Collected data
..........

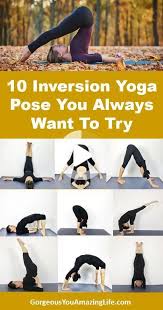 Inversion Yoga Poses Has A Lot Of Health Benefits They Are Included In Many Yoga Sequences And Can Yoga Inversions Inversions Yoga Poses Partner Yoga Poses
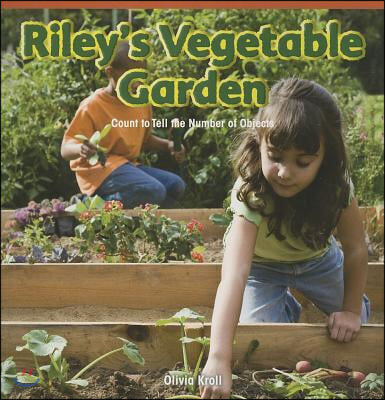 Riley's Vegetable Garden: Count to Tell the Number of Objects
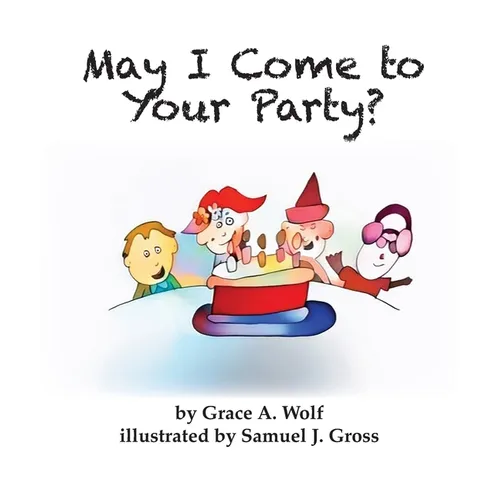 May I Come to Your Party? - Hardcover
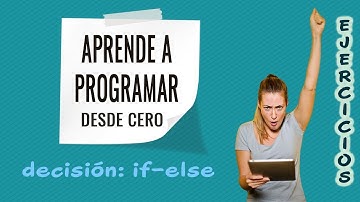 🔺6.2 Ejercicio de if-else (y elif) - Curso de programación desde cero (con Python)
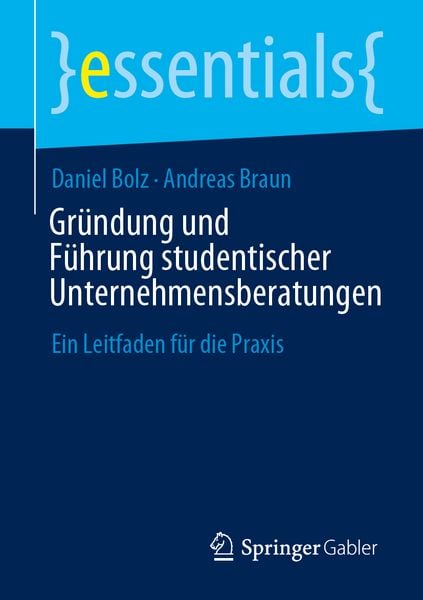Gründung und Führung studentischer Unternehmensberatungen, Taschenbuch von Daniel Bolz , Andreas Braun, Springer Fachmedien Wiesbaden GmbH,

..........

◆ **ASSIGNED TASK**: Copy every entry exactly, leaving out the pictures.

◆ **SOLUTION FOR THIS TASK**:
 Inversion Yoga Poses Has A Lot Of Health Benefits They Are Included In Many Yoga Sequences And Can Yoga Inversions Inversions Yoga Poses Partner Yoga Poses
 Riley's Vegetable Garden: Count to Tell the Number of Objects
 May I Come to Your Party? - Hardcover
 🔺6.2 Ejercicio de if-else (y elif) - Curso de programación desde cero (con Python)
Gründung und Führung studentischer Unternehmensberatungen, Taschenbuch von Daniel Bolz , Andreas Braun, Springer Fachmedien Wiesbaden GmbH,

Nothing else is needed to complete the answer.